Start of Block
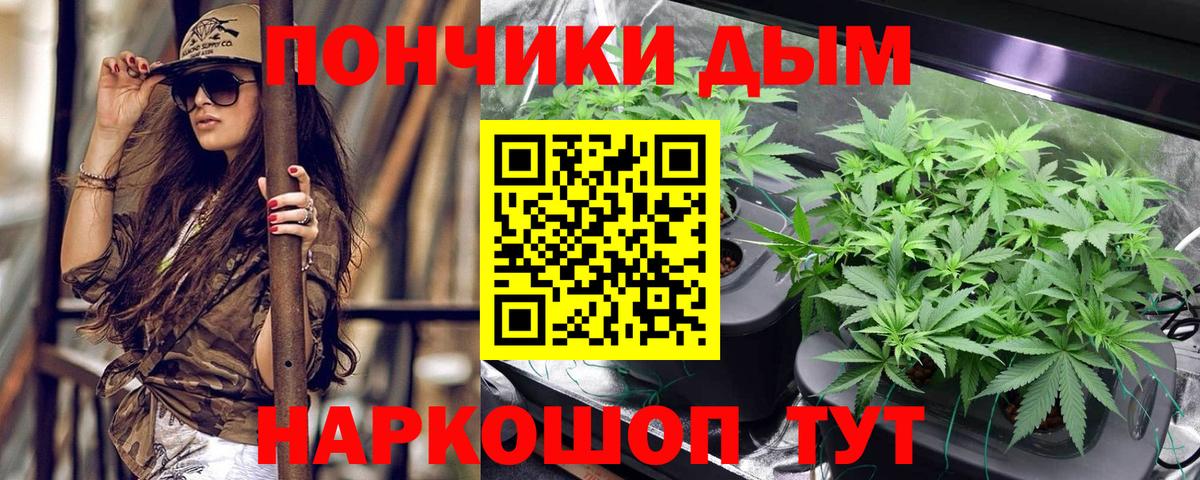 Сланцы  Бошки марихуана сатива  Бошки марихуана MAZAR  Вход с VPN  Бошки марихуана ГИДРОПОН 
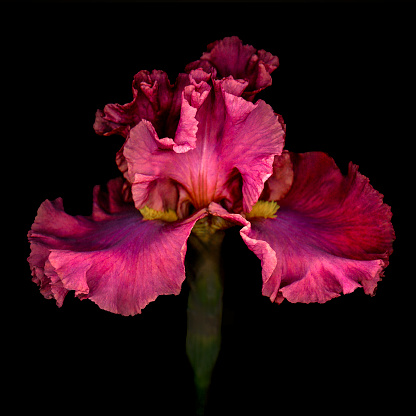 Red Iris flower isolated on black background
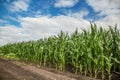 Green corn field Royalty Free Stock Photo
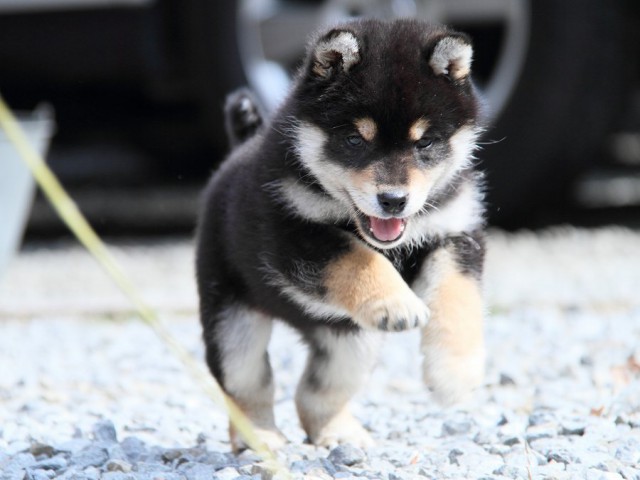 IMG_9804Shiba IMG_9804Shiba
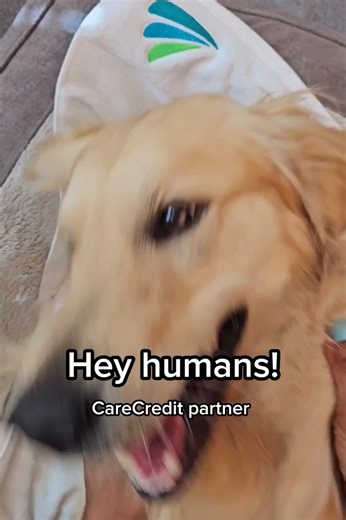 Get the health and wellness you deserve with easy payment options at in-network locations with the CareCredit credit card. | CareCredit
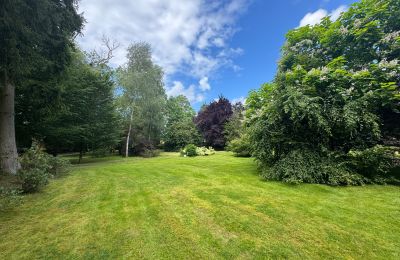 Landhaus kaufen Westpommern, Foto 18/26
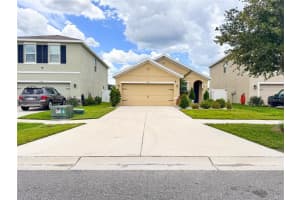 11124 LELAND GROVES DRIVE, RIVERVIEW, FL 33579 - MLS#MFRO6393442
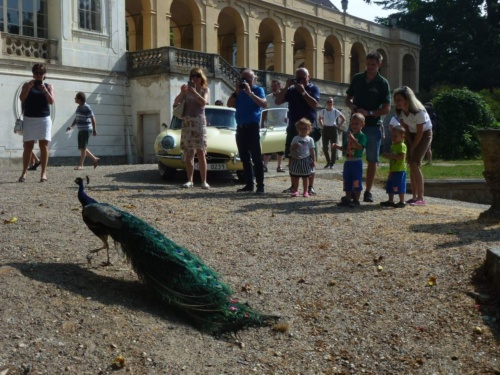 Jaguar Litomerice 2018_62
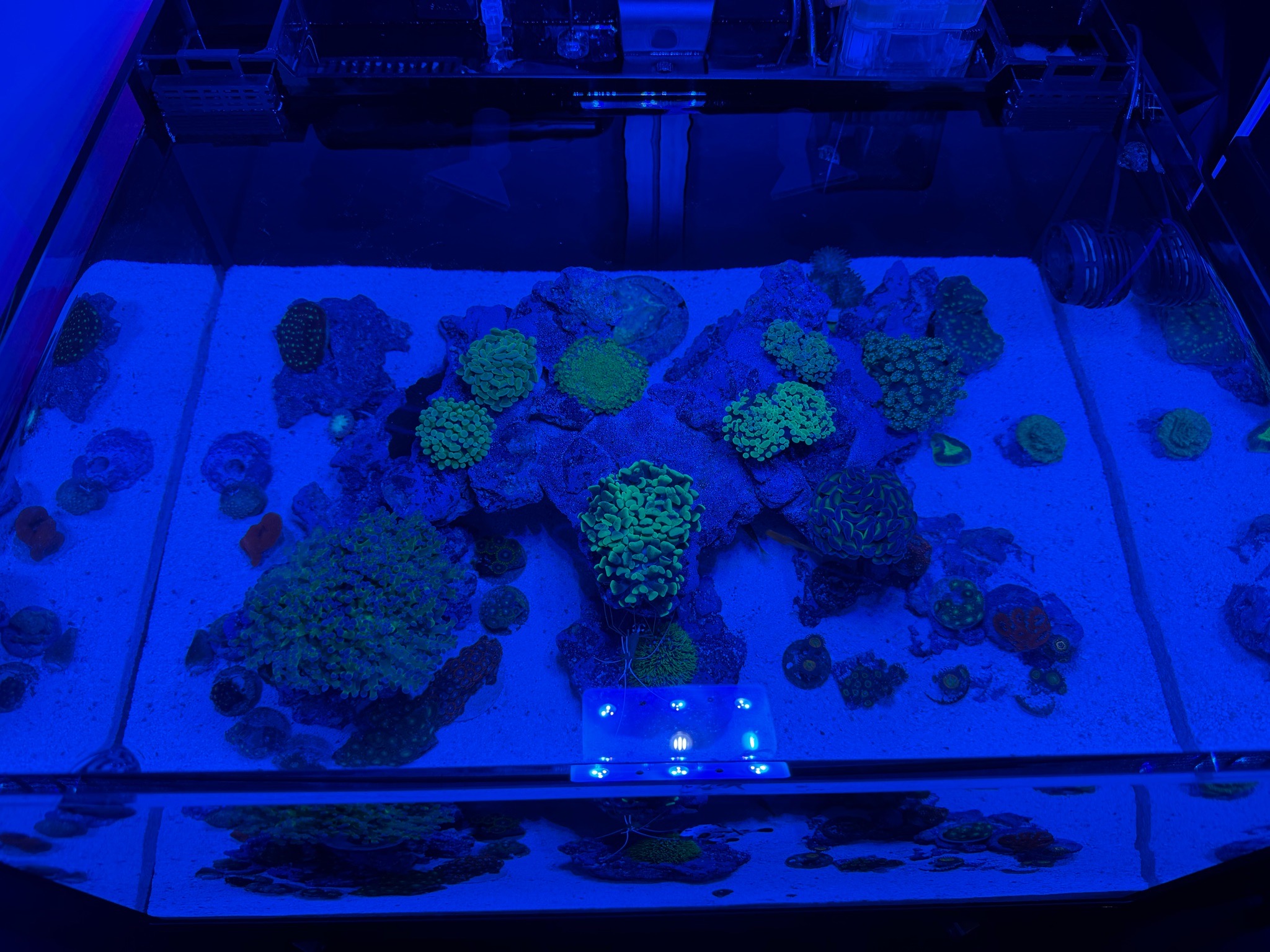What are reef safe starfish for a Nuvo 25 Lagoon tank - starfish, clownfish, cleaner shrimp (photo 3)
End of Block
◆ **EXERCISE**
If a picture falls within the lines from the one containing "Landhaus kaufen Westpommern, Foto 18/26" through the end of the material, leave it out while repeating those lines exactly.

◆ **WRITTEN ANSWER**
 Landhaus kaufen Westpommern, Foto 18/26
 11124 LELAND GROVES DRIVE, RIVERVIEW, FL 33579 - MLS#MFRO6393442
 Jaguar Litomerice 2018_62
What are reef safe starfish for a Nuvo 25 Lagoon tank - starfish, clownfish, cleaner shrimp (photo 3)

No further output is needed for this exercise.